Für eine Gesellschaft, die sich an den demokratischen Werten der Menschenwürde, der Vielfalt und des gewaltfreien Interessensausgleichs orientiert, ist die Art und Weise, wie man sich an die eigene Geschichte erinnert, von fundamentaler Bedeutung. Denn wenn sich eine Gesellschaft mit der eigenen Vergangenheit beschäftigt, so führt sie immer einen Dialog mit sich selbst: Wo kommen wir her? Was unterscheidet uns von anderen? Vor allem: Welche Werte wollen wir vertreten? An was wollen wir uns positiv erinnern, welche Ereignisse bewerten wir negativ? In welche historische Kontinuitätslinie wollen wir uns stellen?

Je nachdem, für welche politischen Traditionen und Werte wir uns entscheiden, entscheiden wir uns auch für oder gegen eine bestimmte politisch-gesellschaftliche Ordnung, für oder gegen die Demokratie. Die angemessene Erinnerung an den Nationalsozialismus, seine Verbrechen und das extreme Leid, das er verursacht hat, ist daher – als Negativgeschichte – ein unverzichtbarer Baustein für die Demokratiebildung.

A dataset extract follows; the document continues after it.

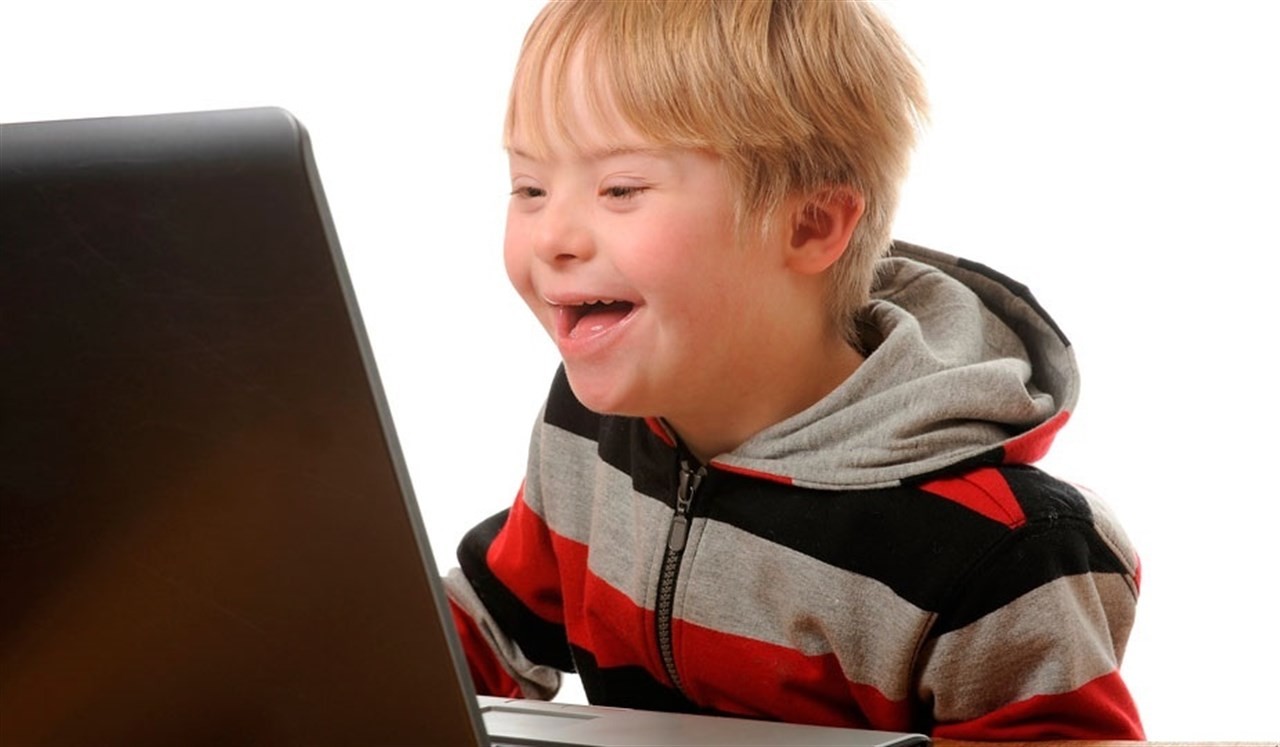 Niño con Síndrome de Down en ordenador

Gleichwohl befindet sich die Erinnerungskultur in den letzten Jahren in einem starken Wandel. So sind nicht nur viele Menschen nach Deutschland eingewandert und zu Bürgerinnen und Bürgern unseres demokratischen Gemeinwesens geworden, die ganz andere Gewaltgeschichten und Gewalterfahrungen mitbringen. Einige Vertreter*innen der postkolonialen Geschichtswissenschaft erheben gegenüber der aktuellen Praxis der deutschen Erinnerungskultur außerdem den Vorwurf, sie sei zu einseitig auf den „Holocaust“ ausgerichtet und blende andere Verbrechen wie den deutschen und europäischen Kolonialismus in Afrika und dessen brutale Kriege zu sehr aus.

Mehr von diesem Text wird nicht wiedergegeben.